When Bill's around he tosses bikes onto the rack with ease. I, however, can't reach. I can get my Cervelo off because it weighs as much as three Gus and twelve ants but I can't reach to get anything onto the rack or to lift my heavier mountain bike off.

If you are driving along the Pennsylvania Turnpike tomorrow afternoon and see someone witha  bike bungeed, duct taped, glued and stapled onto her car, please wave. It's probably me.

** Dear Equinox Traverse, I am sorry I called you silly. Please don't kick my ass. Although I am sure that you will.

Friday, July 8, 2011

Friday Night Fun

I am not a list-maker. Mostly because the one time I made a list, I lost it while simultaneously forgetting everything on it. Screwed.

Instead I start preparing for stuff a bit ahead of time.
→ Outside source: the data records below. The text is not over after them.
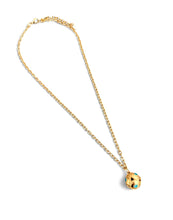 Sphere Dot with Turquoise Enamel Camila Chain Short Necklace 18”-20”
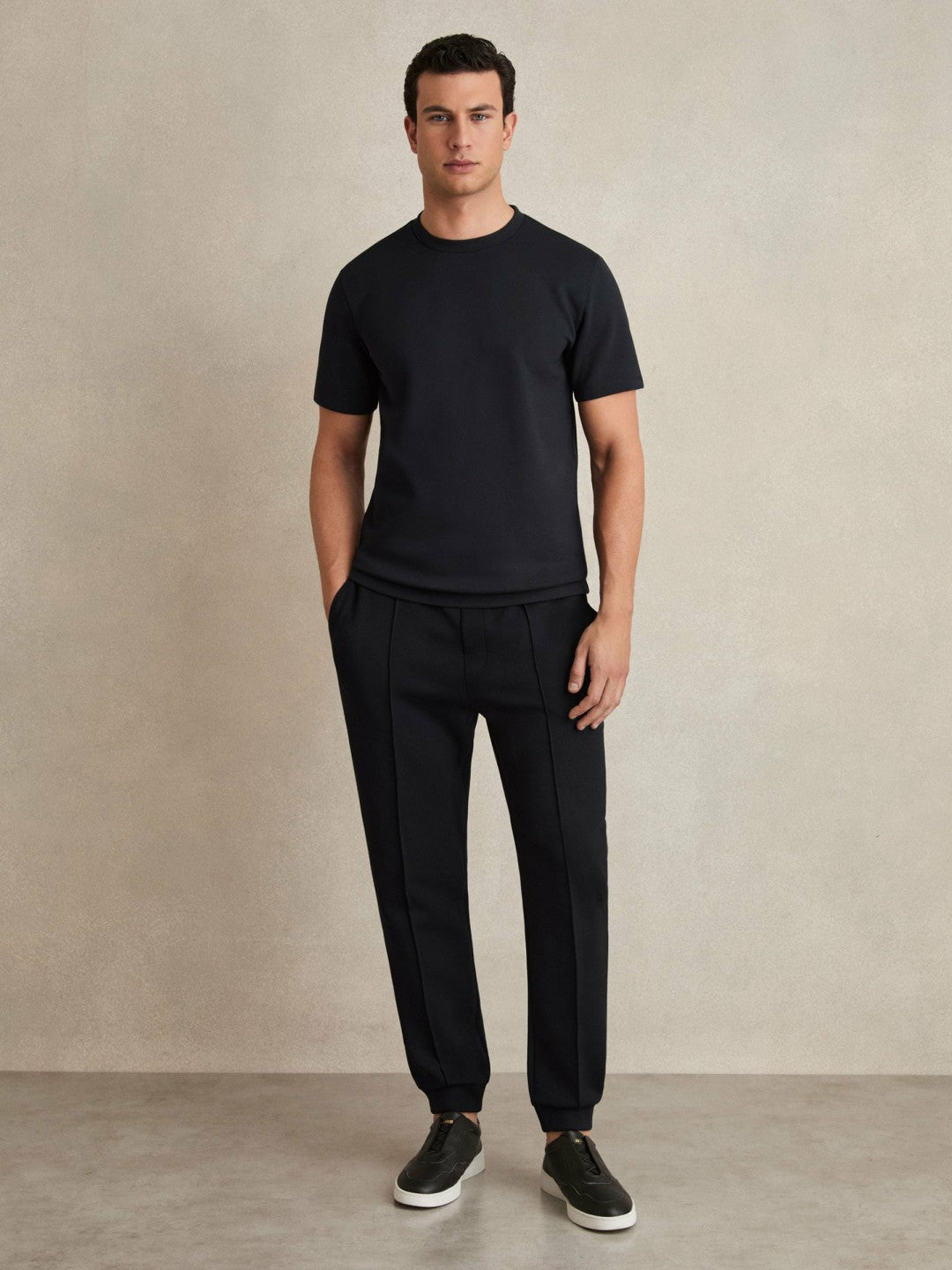 Reiss Featured - Interlock Jersey Crew Neck T-Shirt in Navy Blue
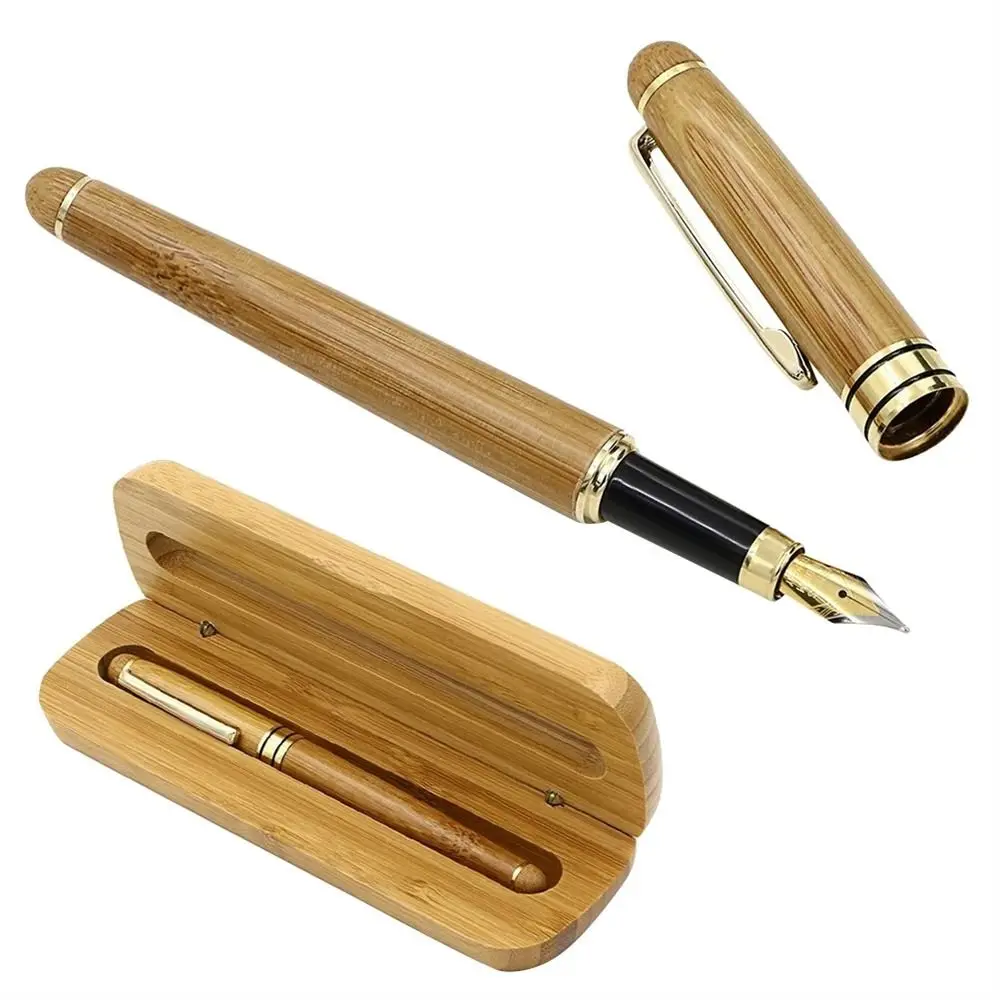 Gifts Smooth Writing Inking Pen Writing Supplies Bamboo Box Pens Bamboo Fountain Pen Nature Bamboo Pen Wood Fountain Pen
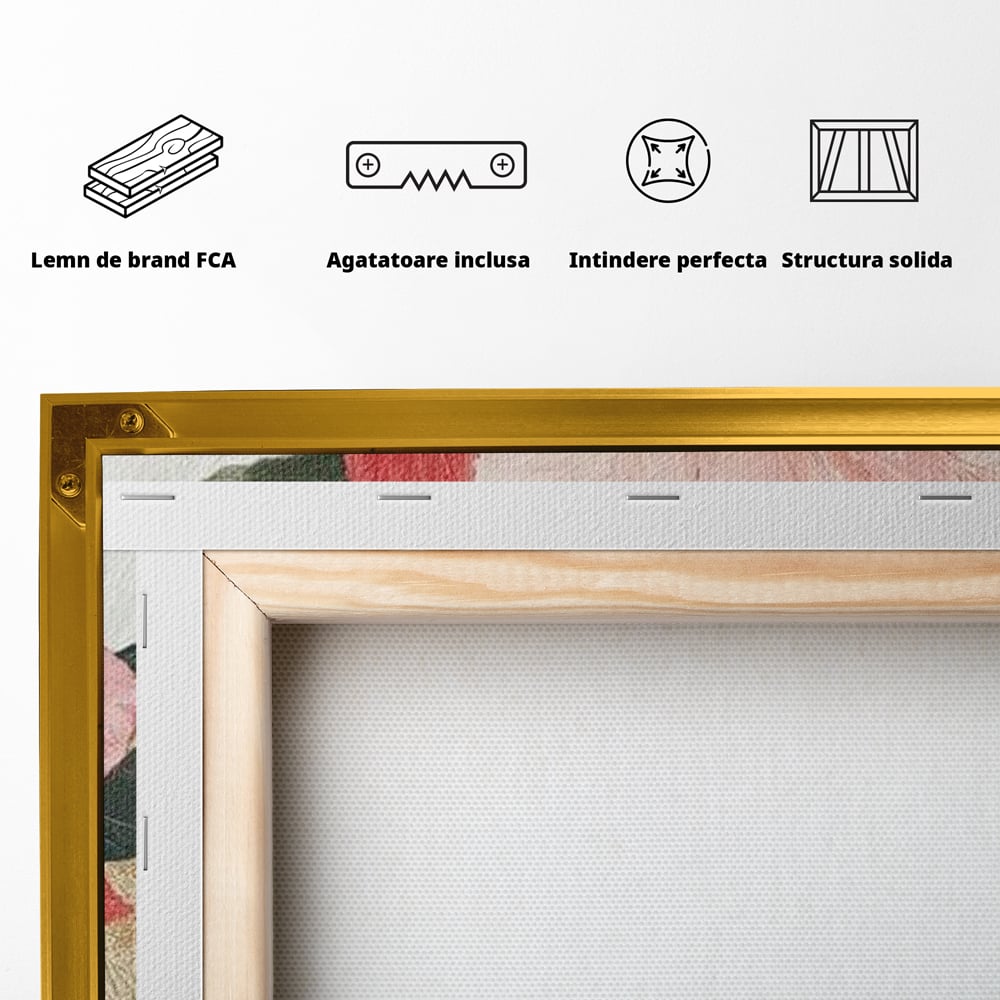 Tablou Canvas Premium LuxCanva® D1053, Aranjament Floral de Sarbatori , Flori, Aranjament, Decor, Craciun, Buchet, Living, Culori vibrante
So, I am having an awesome Friday night packing mandatory gear for next weekend's hot mess of a race.

It was AWESOME. Forty-five minutes were spent picking through the basement looking for my knife with a three-inch blade (just in case I need to stab anything or anyone along the way). Happy hour? A late night out with friends? Turning into a drunk disaster?

BORING!

Dumping all my gear into a pile was so much better than hanging out with friends. Except not. Vivian was kind enough to keep me company. Apparently he wants to do the race, too.

In addition to the basement looking like an REI barfed, my family room does, too. And like this it shall stay until Wednesday morning when I load up my junk and head out. To work. And then flee immediately afterward to Bill's summer digs about an hour from the race start.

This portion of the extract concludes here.